[Work to be completed]
Among the entries below, only the lines from the one with "Tan/Turquoise Feathers 224h" through the one with "Bundled Foot Sports" are to be retyped, exactly and without pictures.
***** Data in this exercise *****
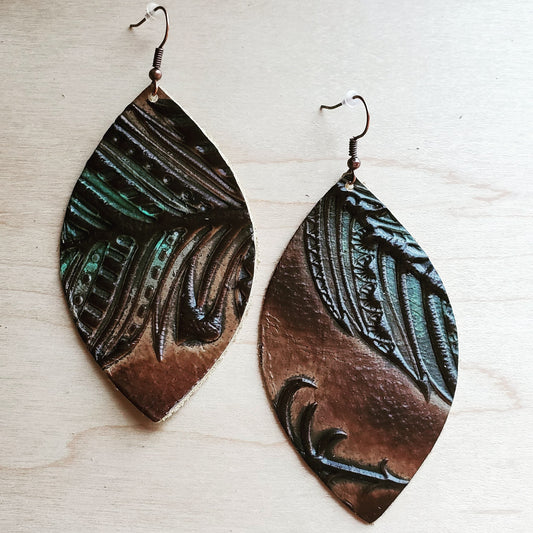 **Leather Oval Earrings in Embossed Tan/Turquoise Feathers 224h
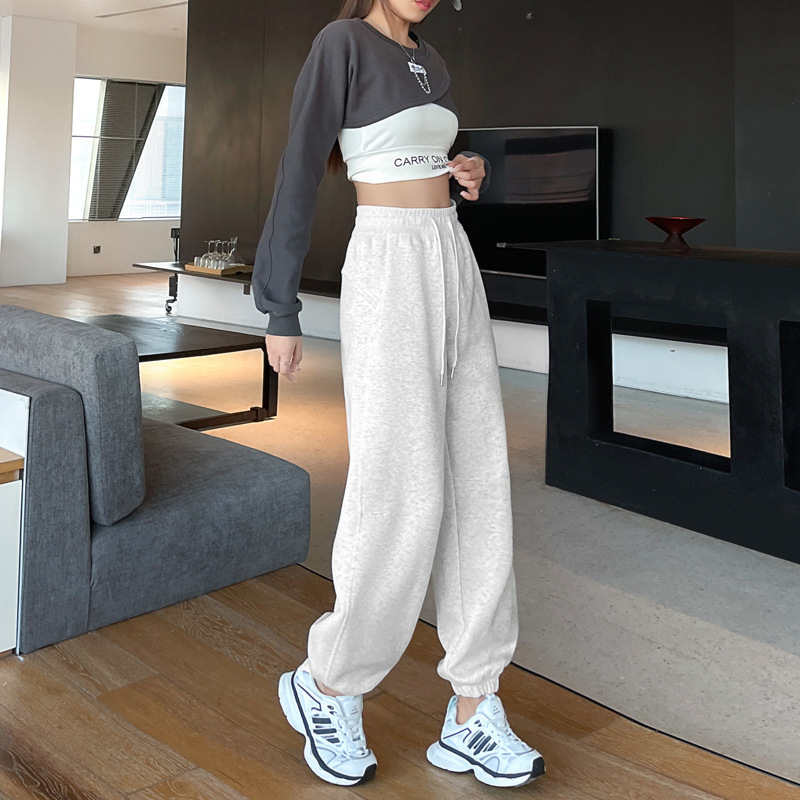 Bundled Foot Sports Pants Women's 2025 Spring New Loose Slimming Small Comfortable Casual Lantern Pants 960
*****
***** Data in this exercise *****
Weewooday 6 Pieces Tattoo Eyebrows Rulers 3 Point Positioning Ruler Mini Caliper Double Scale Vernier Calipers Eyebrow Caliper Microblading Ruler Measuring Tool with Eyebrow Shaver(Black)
*****
***** Data in this exercise *****
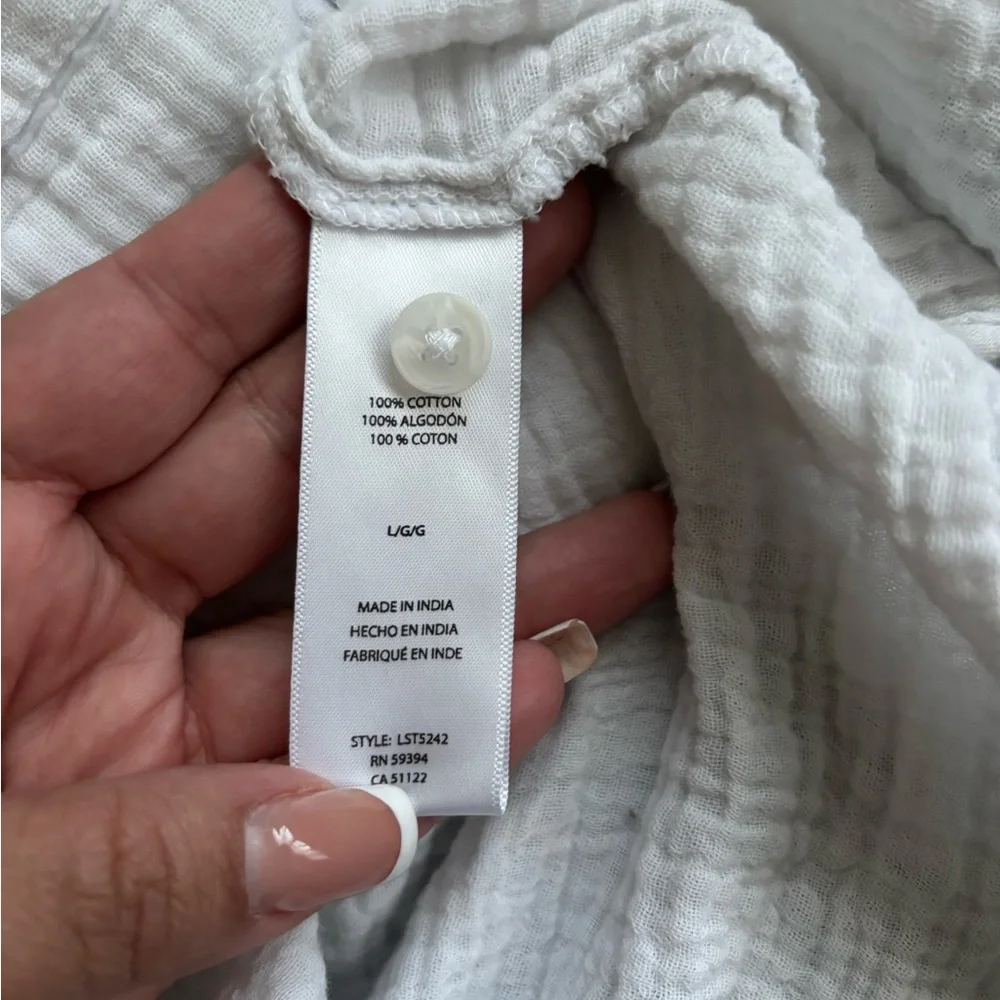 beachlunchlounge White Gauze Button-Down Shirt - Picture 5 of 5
*****
[Written solution]
 **Leather Oval Earrings in Embossed Tan/Turquoise Feathers 224h
 Bundled Foot Sports Pants Women's 2025 Spring New Loose Slimming Small Comfortable Casual Lantern Pants 960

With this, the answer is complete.